WHAT YOU ARE ASKED TO DO: All lines from the one with "Incy.io-Stats" through the close of the records below are to be set down exactly, and no others.
DATA PROVIDED: Begin
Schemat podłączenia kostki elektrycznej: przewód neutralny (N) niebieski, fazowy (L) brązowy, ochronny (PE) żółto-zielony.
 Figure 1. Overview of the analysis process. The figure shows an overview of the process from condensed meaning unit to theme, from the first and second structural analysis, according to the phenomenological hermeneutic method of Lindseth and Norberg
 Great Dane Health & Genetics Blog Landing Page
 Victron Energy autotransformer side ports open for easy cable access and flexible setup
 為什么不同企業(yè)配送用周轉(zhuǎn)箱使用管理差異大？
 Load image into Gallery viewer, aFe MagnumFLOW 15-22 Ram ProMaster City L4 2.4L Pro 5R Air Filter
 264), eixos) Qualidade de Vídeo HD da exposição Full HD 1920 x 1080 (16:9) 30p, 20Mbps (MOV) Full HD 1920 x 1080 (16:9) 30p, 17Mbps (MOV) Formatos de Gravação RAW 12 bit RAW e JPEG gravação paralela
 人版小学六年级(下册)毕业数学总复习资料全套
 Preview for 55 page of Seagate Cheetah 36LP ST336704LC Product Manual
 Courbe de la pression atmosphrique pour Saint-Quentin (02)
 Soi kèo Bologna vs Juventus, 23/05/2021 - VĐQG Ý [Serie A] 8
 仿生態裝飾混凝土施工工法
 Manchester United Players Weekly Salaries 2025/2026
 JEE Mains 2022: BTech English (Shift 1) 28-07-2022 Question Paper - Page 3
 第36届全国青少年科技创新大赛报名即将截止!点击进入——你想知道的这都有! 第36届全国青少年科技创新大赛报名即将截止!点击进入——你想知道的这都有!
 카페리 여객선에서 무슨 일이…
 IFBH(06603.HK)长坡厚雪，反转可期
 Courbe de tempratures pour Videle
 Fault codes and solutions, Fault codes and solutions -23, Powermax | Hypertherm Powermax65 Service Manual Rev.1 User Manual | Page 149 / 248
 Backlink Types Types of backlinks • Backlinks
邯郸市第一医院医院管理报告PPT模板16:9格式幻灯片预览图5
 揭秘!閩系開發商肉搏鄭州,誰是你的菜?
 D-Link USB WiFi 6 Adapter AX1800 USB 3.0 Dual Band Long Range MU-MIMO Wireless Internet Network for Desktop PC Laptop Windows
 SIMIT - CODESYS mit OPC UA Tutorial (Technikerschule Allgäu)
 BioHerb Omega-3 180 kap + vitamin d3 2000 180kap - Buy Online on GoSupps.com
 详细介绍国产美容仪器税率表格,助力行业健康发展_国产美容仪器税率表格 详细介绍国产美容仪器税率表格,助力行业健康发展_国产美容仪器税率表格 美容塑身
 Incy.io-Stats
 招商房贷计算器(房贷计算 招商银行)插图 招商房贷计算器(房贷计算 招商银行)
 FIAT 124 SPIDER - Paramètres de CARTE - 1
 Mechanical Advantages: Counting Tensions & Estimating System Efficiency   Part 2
DATA PROVIDED: End
PROBLEM SOLUTION:
 Incy.io-Stats
 招商房贷计算器(房贷计算 招商银行)插图 招商房贷计算器(房贷计算 招商银行)
 FIAT 124 SPIDER - Paramètres de CARTE - 1
 Mechanical Advantages: Counting Tensions & Estimating System Efficiency   Part 2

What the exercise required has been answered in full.